No Retreat for Wheat Prices
Fundamentals
Not to be outdone by its corn and soybean brethren, Wheat futures have moved solidly into the bullish camp, as a weak U.S. Dollar, less than ideal weather conditions, and fresh speculative buying have all factored into the price rise. The decline in the greenback is normally considered bullish for commodity prices -- especially grains -- as U.S. exports tend to increase to non-dollar buyers. This year, Mother Nature has not been kind to Wheat producers, as unusually wet weather has put planting behind schedule, particularly for Spring Wheat. In North Dakota, the largest Spring Wheat state, producers have planted only 69% of the crop so far, down sharply from the average near 94%. This has led some analysts to lower their forecast for Spring Wheat as growers switch to other crops such as Soybeans. Quality of the Winter Wheat crop slipped a bit last week, with the USDA reporting 45% of the crop in good to excellent condition, down 3% from the prior week, with Kansas and Nebraska reporting 7 and 8 percent declines respectively. With the Wheat harvest getting under way, producers need to see dryer weather forecasts in order to get into the fields. None of this has been lost on large speculators who are beginning to accumulate a net-long position in all Wheat classes. The most recent Commitment of Traders report showed large non-commercials adding a cumulative 3,465 net-long contracts for the week ending May 19th.
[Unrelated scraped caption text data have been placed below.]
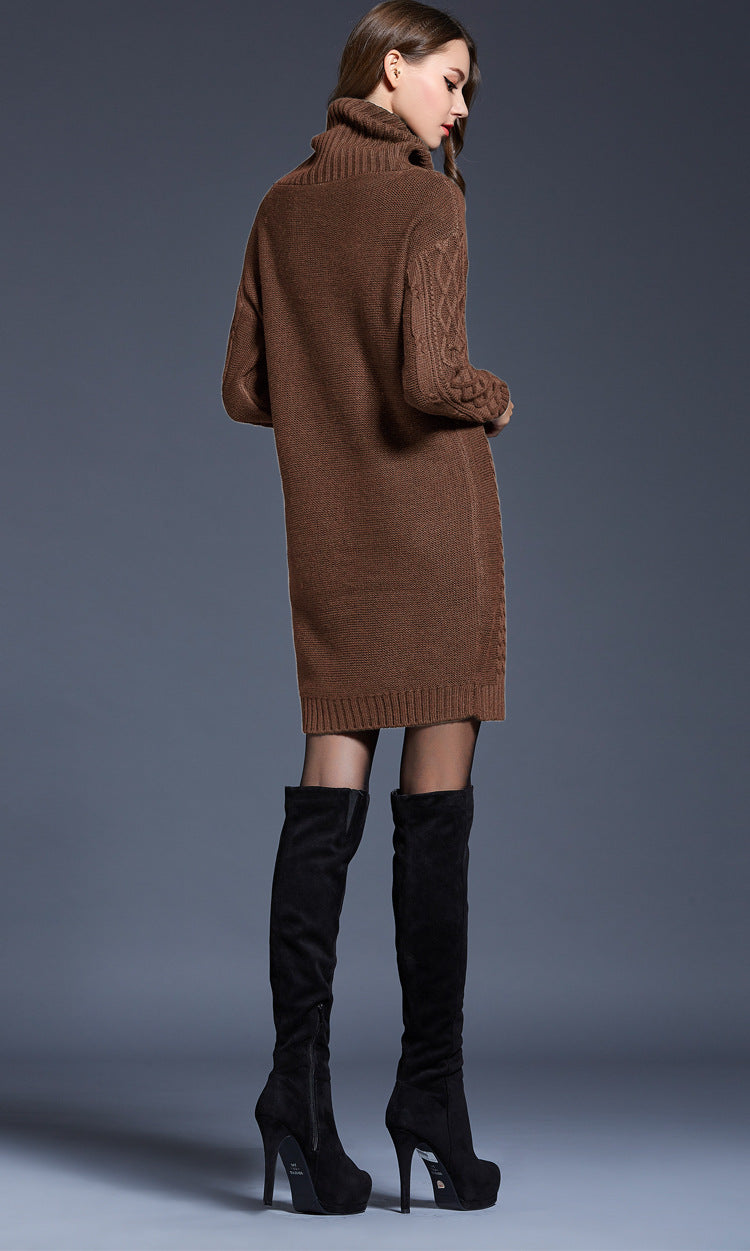 W&W Mode | Hochhals Lange Strickkleid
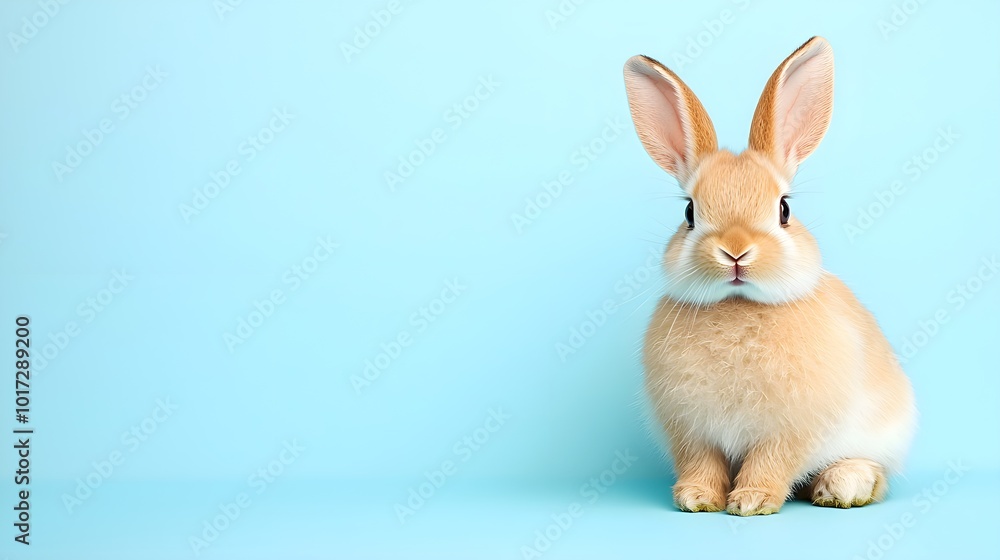 Cute fluffy rabbit on a pastel blue background Cute fluffy rabbit on a pastel blue background
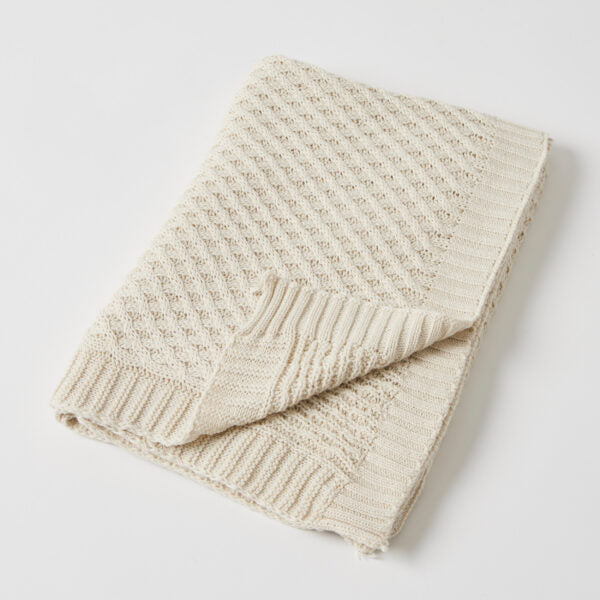 Natural Basket Weave Kit Blanket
This has raised the cumulative net-long position to 43,964 contracts, the largest position being in the Kansas City Hard Red Winter Wheat contracts. Ironically, small speculative accounts are net-short Wheat futures and may spark an additional rally should short-covering buying emerge just above the recent highs.
Trading Ideas
Those traders who believe that the Wheat rally still has some legs might possibly wish to consider option strategies to help take advantage of the current trend. An example of such a trade would be a bull call spread in the September Chicago Wheat futures consisting of buying a September 650 call and selling a 750 call. With September Wheat trading at 645 as of this writing, the spread could be purchased for 31 cents or $1550 per spread plus commissions. The premium paid is the maximum risk on this trade, with a potential profit of $5000 minus the premium paid if September Wheat is trading above 750.00 at expiration in August.
Technicals
Looking at the daily chart for September Wheat, we notice the rounded bottom pattern that formed throughout most of the month of April. Prices accelerated to the upside once the recent highs of 607.00 were taken out. The 20-day moving average has crossed above the 100-day MA last week, adding to the bullish momentum. The 14-day RSI is approaching overbought territory with a current reading of 69.21. The next resistance point for September Wheat is found at 660.00, with support seen at the recent lows made on May 19th at 590.50.